Description of problem: The dump/restore utilities are long neglected upstream with no meaningful update for about 4 years now. It is not being properly tested and should not be relied upon for backup purposes especially. Looking at the code it is very much outdated and will not support current ext4 features, in some cases leading to corrupted files without dump/restore even noticing any problems. After offline discussion with maintainer, he confirmed that he is no longer working on it and does not have any plans to resurrect it. I've also raised the issue on the ext4 list and ext4 maintainer seems to share the sentiment that dump/restore has been on life support for a long enough and pulling the plug on it is overdue. Let's dump the dump already. -Lukas
I agree with Lukas. Due of lack of upstream activity and support for new file system features, we're going to remove dump from future RHEL/CentOS releases as well. Jeff, what's your opinion?
Dump remains viable for ext2 and ext3 file systems and it seems reasonable to continue to provide it for them. Would documenting the ext4 deficiencies in the BUGS section of the man page be sufficient? How about a warning in the RPM description? Even if we choose to drop dump(8), I think we should continue to provide restore(8) for a very long time to support restoring from existing old backups.

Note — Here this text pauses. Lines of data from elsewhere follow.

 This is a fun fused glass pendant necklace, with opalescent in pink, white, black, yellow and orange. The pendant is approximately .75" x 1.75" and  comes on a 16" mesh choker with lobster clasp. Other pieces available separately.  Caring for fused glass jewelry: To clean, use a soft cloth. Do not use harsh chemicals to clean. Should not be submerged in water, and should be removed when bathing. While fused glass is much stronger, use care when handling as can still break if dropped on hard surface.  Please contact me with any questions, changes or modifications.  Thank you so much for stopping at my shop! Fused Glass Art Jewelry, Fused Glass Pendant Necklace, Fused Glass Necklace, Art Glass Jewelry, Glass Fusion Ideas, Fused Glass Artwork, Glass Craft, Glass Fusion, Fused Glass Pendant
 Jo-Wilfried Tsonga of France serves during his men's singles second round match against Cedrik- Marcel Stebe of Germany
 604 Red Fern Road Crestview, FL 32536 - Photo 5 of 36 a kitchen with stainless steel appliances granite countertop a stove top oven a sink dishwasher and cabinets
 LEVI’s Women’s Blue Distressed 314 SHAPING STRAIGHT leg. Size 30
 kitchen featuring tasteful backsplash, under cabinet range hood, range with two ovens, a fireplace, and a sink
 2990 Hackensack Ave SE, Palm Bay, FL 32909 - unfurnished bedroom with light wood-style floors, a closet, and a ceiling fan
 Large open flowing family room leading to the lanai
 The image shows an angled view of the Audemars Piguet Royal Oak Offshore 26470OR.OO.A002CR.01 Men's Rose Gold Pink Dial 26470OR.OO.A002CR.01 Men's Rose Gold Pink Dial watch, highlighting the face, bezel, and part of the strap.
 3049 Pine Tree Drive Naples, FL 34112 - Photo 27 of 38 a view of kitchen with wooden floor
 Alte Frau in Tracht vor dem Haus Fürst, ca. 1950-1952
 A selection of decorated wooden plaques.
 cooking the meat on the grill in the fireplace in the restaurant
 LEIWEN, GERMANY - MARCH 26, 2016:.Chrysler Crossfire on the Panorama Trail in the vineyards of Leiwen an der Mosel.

Rather than documenting flaws that may corrupt data, it would be far better to use the compatibility flags and reject any filesystem that has a feature flag dump/restore doesn't understand, I think. (given that we didn't reject them for quite some time, perhaps documentation + safeguarding in the future would both be wise) -Eric
But I guess that requires an active upstream to push that change to ....
(In reply to Jeff Makey from comment #2) > Dump remains viable for ext2 and ext3 file systems and it seems reasonable > to continue to provide it for them. Would documenting the ext4 deficiencies > in the BUGS section of the man page be sufficient? How about a warning in > the RPM description? > > Even if we choose to drop dump(8), I think we should continue to provide > restore(8) for a very long time to support restoring from existing old > backups. Hello, documenting ext4 deficiencies does not excuse us from shipping deprecated software with know bugs for backup purposes of all things - that's not something I am willing to get behind. I'd go as far as to say don't use it for backup at all. But if there is still enough interest we can perhaps say it's not supported on ext4 at all and leave it for ext2/3 file system while checking and rejecting unsupported features. But even then, there is no active upstream, it's not being tested upstream and I am not really sure how much (if any) testing it receives internally. If we do make the commitment to support it further by at least checking for features and making sure we disallow anything that the tool will not recognize, or might have problems with (such as extents), then we have to make a decision whether it's something to push upstream (which is dead, it could be forked or we can talk to the last maintainer to make some arrangements), or we maintain it internally. I think that far better option is to just drop it entirely. It is dead and people should move on. However you've made a very good and sensible point with restore(8) and I do agree we should keep it around for existing old backups. -Lukas
This bug appears to have been reported against 'rawhide' during the Fedora 34 development cycle. Changing version to 34.